Welcome. T1D here of nearly 26 years. I eat a lot of salads, and the good news for you is that most popular salad vegetable ingredients actually have very few carbs! Leafy greens, broccoli, cucumbers, celery, etc. are practically free of carbs and thus never affect my sugar levels. Carrots have a slight amount; I may give a unit or two depending on how much I eat. In salads, it’s seldom the veg you have to worry about; but if you add dressing or croutons/tortilla chips, those will have the most carbs due to sugar and starch content. Typically, though, you can prepare salads full of leafy greens that have few to no carbs. Here is an example of broccoli; a full cup has just 6 carbs, nearly 3 of which are fiber, so only about 3.5 “net carbs”: Broccoli, raw Nutrition Facts & Calories I can microwave an entire bag of broccoli, eat it, and experience no rise in sugar.

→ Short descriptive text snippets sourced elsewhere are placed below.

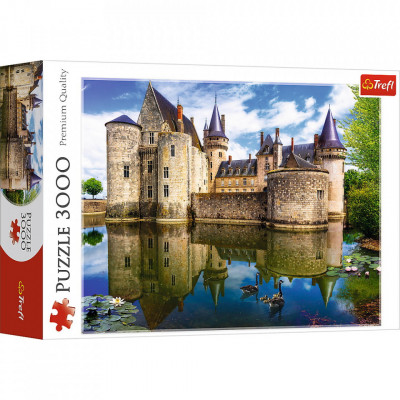 Puzzle trefl 3000 castelul sully sur loire foto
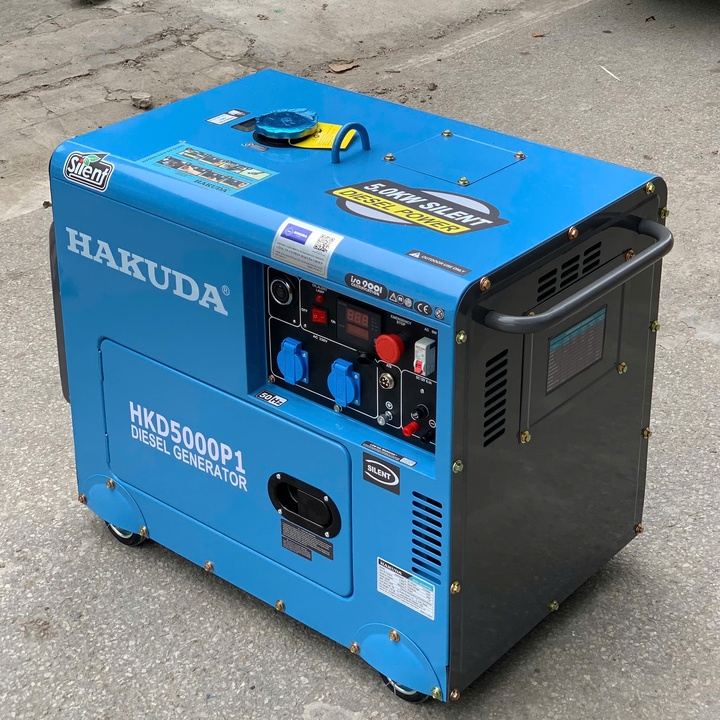 Máy Phát Điện 5KW Dầu Hakuda HKD5000P1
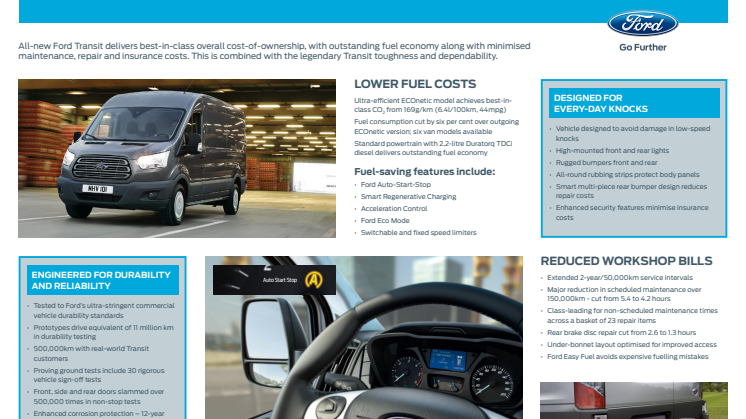 NY FORD TRANSIT OVERBLIK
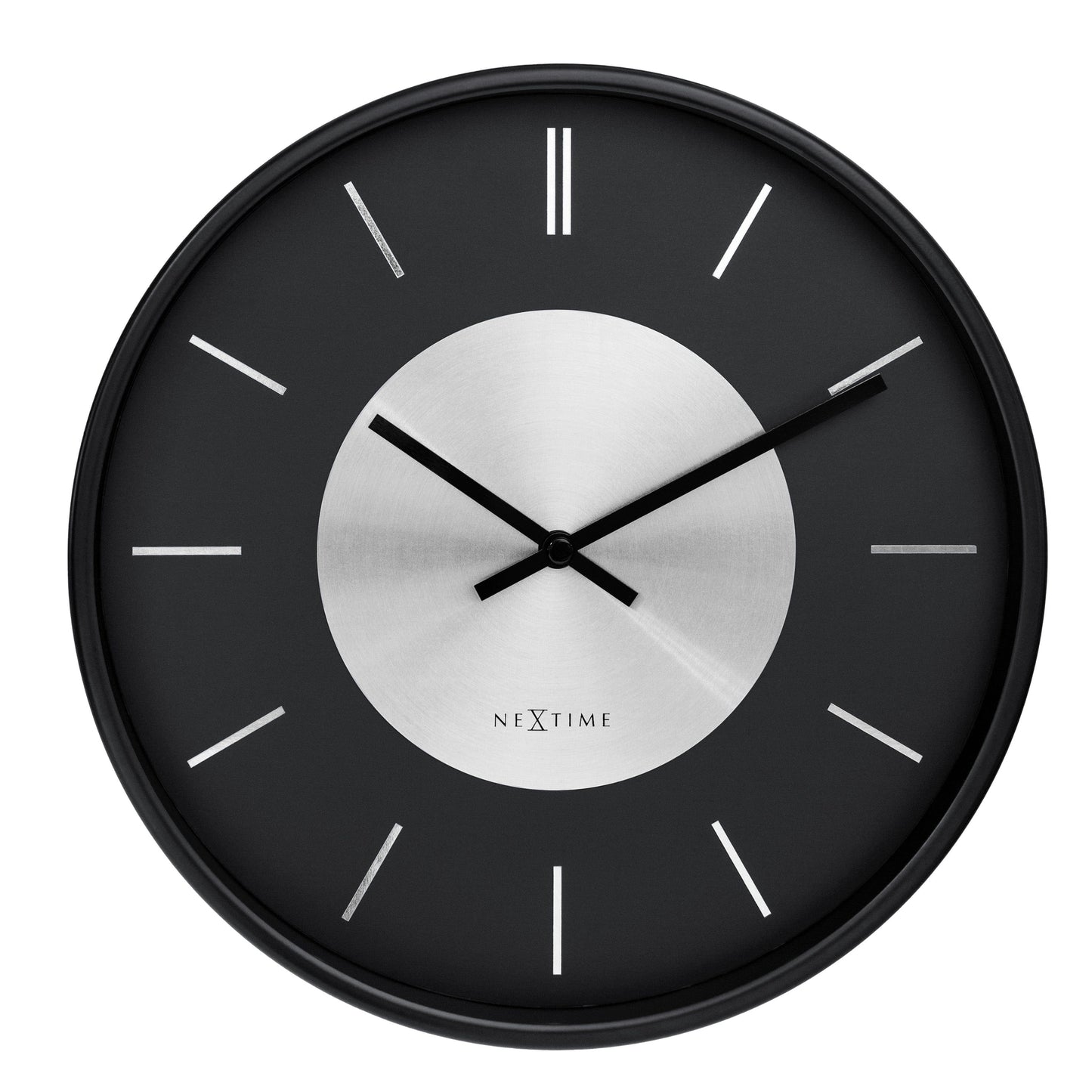Wandklok 25 cm-stil-metaal-NeXtime 'Retro II'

FWIW, my diabetes tracker has options for cups, ounces, grams etc. I’ll google how to convert one measure to another if my measuring utensil doesn’t correspond to a recipe I’m using (how much is 57g of butter? Okay - 1/4 cup).

Add @tingbot said, the carbs in the salad veggies are typically minimal - it’s the add-ons such as dressings, fruits (depending on your and how much you add) and other goodies that add more.
Your nutritionist can help you with measuring guides, including estimating portion sizes when you’re out.